Neither bundle is strictly better. NordVPN’s extras, a password manager and cloud storage, are useful to essentially anyone regardless of where they live, while Surfshark’s headline extra, the ID-theft insurance, is arguably the single most valuable line item on either list but is geographically restricted to most of the US. If you are a US resident who wants insurance-backed identity protection bundled with your VPN, that tips toward Surfshark’s One+. If you want a password manager and encrypted cloud storage that work the same way no matter where you live, NordVPN’s bundle is the safer, more broadly useful bet. We are calling this dimension a tie.
Who Should Pick NordVPN
Pick NordVPN if you want the larger, more thoroughly audited server network and are comfortable with 10 simultaneous devices being genuinely enough for your household. It is also the more sensible pick if you already use, or want to start using, a password manager and bundled cloud storage: paying for NordPass and 1TB of storage separately would likely cost more than the price difference between NordVPN’s and Surfshark’s comparable tiers. NordVPN tends to be the safer default recommendation for someone who wants one well-known, repeatedly audited mainstream brand and does not want to spend much more time thinking about the decision than that. If that description fits you, our full NordVPN review covers its features, refund process, and current pricing in more depth.
Who Should Pick Surfshark
Pick Surfshark if price and device count are your two biggest filters. Its intro and renewal pricing both undercut NordVPN’s at every comparable tier, and unlimited simultaneous devices is a real, practical advantage for a household running phones, laptops, tablets, a streaming box, and a router all on one plan at once, something NordVPN’s 10-device cap cannot quite match without juggling connections. Surfshark is also the more logical pick for US residents specifically drawn to its identity-theft insurance, since that particular benefit is not something NordVPN offers at any tier.

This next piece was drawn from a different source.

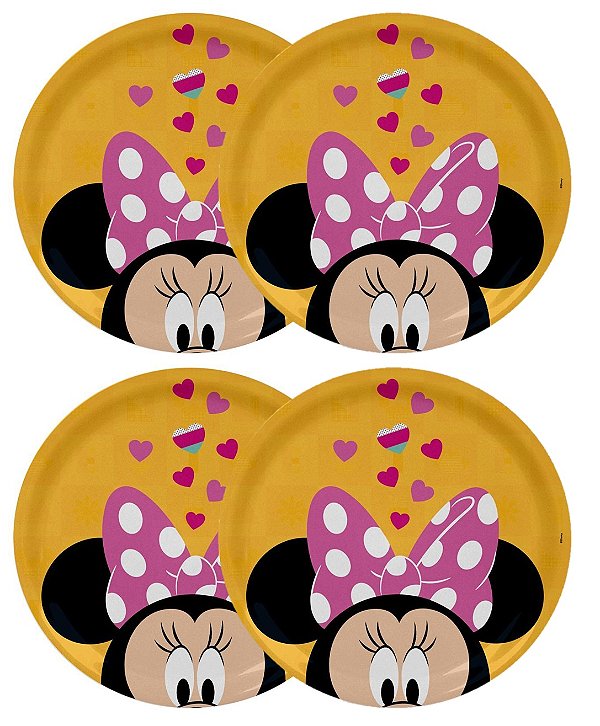 Jogo 4 Pratos Rasos Melamina Refeição Infantil Minnie Disney 20cm - Tuut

If your budget is the deciding factor and you do not need the deepest possible audit history to feel comfortable, Surfshark’s lower price at every stage of the subscription is a legitimate reason to choose it over the more famous name.
Bottom Line
Neither of these is a bad VPN, and the overlap in what they do well is bigger than either company’s marketing would suggest: both encrypt your traffic on RAM-only servers, both have submitted to outside audits of their no-logs claims, and both quietly renew at a price several times higher than the number in the ad. Where they genuinely diverge is server scale and audit depth, which favor NordVPN, against price and device limits, which favor Surfshark. If you can only optimize for one thing, decide whether that thing is “the more proven network” or “the cheaper, more flexible plan,” and let that answer pick the brand for you rather than whichever ad you saw most recently. Either way, check both companies’ current pricing before committing to a multi-year term: the numbers above are accurate as of July 2026, and VPN pricing pages change often enough that it is worth a final look right before you pay.